Somehow, I surmised, the 2 used IV needles
from the guy on the toilet the night before
had not dropped down,
but had remained in the lip.

You're out of service, the supervisor said,
let the paperwork begin!

Form after form of incident reports
were laboriously filled out,
making the lawyers happy.
The procedure manual was consulted numerous times,
and my blood was drawn for a baseline AIDS
and Hepatitis C test.
This was 1991.
If I came up positive in the blood tests,
I would be fired and my short career would be over.
If I came up negative there would be 3 more
tests over 3 more months to go
before I could consider myself safe from this exposure.

I was terrified.
The next day we took a patient to Stanford
and I called upstairs to see what was up
with the guy from the toilet — and my possible AIDS donor.

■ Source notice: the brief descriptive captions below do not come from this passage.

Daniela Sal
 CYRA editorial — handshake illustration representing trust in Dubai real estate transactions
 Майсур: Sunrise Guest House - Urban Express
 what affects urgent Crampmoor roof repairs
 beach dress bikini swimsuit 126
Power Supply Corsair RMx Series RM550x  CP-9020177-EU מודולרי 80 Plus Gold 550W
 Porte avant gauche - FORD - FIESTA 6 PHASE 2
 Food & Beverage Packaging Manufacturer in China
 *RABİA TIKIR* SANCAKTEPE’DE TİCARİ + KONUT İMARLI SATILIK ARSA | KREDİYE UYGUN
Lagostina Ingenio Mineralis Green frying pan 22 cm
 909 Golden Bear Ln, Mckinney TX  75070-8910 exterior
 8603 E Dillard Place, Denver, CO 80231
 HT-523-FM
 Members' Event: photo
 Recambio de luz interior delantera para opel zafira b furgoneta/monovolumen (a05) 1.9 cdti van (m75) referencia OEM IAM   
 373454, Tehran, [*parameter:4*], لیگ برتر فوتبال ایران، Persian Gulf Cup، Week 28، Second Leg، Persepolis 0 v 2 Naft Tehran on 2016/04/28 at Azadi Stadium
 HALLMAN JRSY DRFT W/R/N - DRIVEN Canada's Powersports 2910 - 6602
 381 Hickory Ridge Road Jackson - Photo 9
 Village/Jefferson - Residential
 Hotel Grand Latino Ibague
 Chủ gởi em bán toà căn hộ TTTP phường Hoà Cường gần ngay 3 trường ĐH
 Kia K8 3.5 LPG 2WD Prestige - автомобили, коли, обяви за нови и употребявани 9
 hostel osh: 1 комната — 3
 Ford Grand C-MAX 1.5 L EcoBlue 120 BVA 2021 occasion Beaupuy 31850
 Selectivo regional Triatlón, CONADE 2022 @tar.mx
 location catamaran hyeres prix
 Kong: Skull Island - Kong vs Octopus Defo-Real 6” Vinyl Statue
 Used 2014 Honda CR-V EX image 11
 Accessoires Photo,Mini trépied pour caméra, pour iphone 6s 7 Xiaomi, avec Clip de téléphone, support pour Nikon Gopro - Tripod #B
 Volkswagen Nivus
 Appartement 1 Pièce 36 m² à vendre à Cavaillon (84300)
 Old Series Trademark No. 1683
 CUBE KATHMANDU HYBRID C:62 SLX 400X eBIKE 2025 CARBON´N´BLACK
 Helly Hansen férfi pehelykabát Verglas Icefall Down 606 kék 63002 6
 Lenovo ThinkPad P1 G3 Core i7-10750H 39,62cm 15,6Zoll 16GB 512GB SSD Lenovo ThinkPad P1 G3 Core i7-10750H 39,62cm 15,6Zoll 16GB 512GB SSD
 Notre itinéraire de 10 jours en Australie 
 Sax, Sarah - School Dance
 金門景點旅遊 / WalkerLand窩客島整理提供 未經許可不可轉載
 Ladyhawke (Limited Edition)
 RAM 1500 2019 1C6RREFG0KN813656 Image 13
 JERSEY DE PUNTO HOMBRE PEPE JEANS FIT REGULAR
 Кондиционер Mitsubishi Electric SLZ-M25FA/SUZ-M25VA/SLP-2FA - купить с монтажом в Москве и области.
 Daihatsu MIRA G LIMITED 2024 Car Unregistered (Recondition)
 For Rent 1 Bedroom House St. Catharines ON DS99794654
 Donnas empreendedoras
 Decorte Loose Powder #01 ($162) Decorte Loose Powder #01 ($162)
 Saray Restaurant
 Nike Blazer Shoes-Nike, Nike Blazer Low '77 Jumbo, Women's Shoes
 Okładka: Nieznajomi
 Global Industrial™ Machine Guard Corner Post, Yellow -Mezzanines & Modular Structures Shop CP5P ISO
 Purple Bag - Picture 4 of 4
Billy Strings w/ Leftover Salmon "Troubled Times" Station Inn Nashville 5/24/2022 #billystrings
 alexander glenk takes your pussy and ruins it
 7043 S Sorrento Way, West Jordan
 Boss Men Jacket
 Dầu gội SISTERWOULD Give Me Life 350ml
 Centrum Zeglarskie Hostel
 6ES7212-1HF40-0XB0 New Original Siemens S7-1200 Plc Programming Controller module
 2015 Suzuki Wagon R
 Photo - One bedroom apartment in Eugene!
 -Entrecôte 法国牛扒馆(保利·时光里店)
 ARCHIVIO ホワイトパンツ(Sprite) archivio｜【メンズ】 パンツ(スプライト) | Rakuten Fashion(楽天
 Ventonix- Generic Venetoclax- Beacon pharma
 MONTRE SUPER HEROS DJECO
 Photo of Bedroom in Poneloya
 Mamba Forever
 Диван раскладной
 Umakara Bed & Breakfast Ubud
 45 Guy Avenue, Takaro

Hi, I'm one of the county paramedics who brought in
Mr. blah blah yesterday, I said, can you tell me how he's doing?
Not very well, the charge nurse said.
Well, I stammered, I got an accidental needle stick from him yesterday,
can you tell me what his HIV status is?
No, she said.  I'm sorry, but the disclosure laws have only been cleared for
doctors and nurses, EMS has not been legalized yet.
I can tell you this though — he's listed as a high risk patient.
My heart sank and I felt sick to my stomach.
I couldn't sleep, eat, or think of anything else for my 3 days off.

Returning to work, I took every patient I could to Stanford.
Determined to get an answer, I called again and again but to no avail.
Finally, I was told, my patient had expired.

I was devastated.
One of the Stanford docs, who had lectured us
in school, came in and put his hand on my shoulder.
He asked why I was crying.
I told him every sordid detail.
He was shocked and empathetic.

A few minutes later, as I was leaving for a call,
I heard him running after me calling for me to wait.
What time did you start that IV on the man?  he asked.
Six in the afternoon on Monday, I said.
When did you get stuck?
Eight the next morning.
You're safe!  You're safe!  He said.
The AIDS virus can't live outside the body for more than
a few minutes!  You're safe, he said.
That blood was outside the body for 14 hours,
no way it could still infect you even if it was positive.

I get to live.

Again, this cartoon is the brilliant work of the funniest paramedic
in the business - Steve Berry


  1. Just plain terrifying, this story is really telling of how young our profession is....I'm so glad you're well!

  2. Riveting tale. Worthy of Trauma.

    Hmm. There may be a script idea there.

  3. You couldn't have picked a more dramatic and exciting profession! More stories! More stories!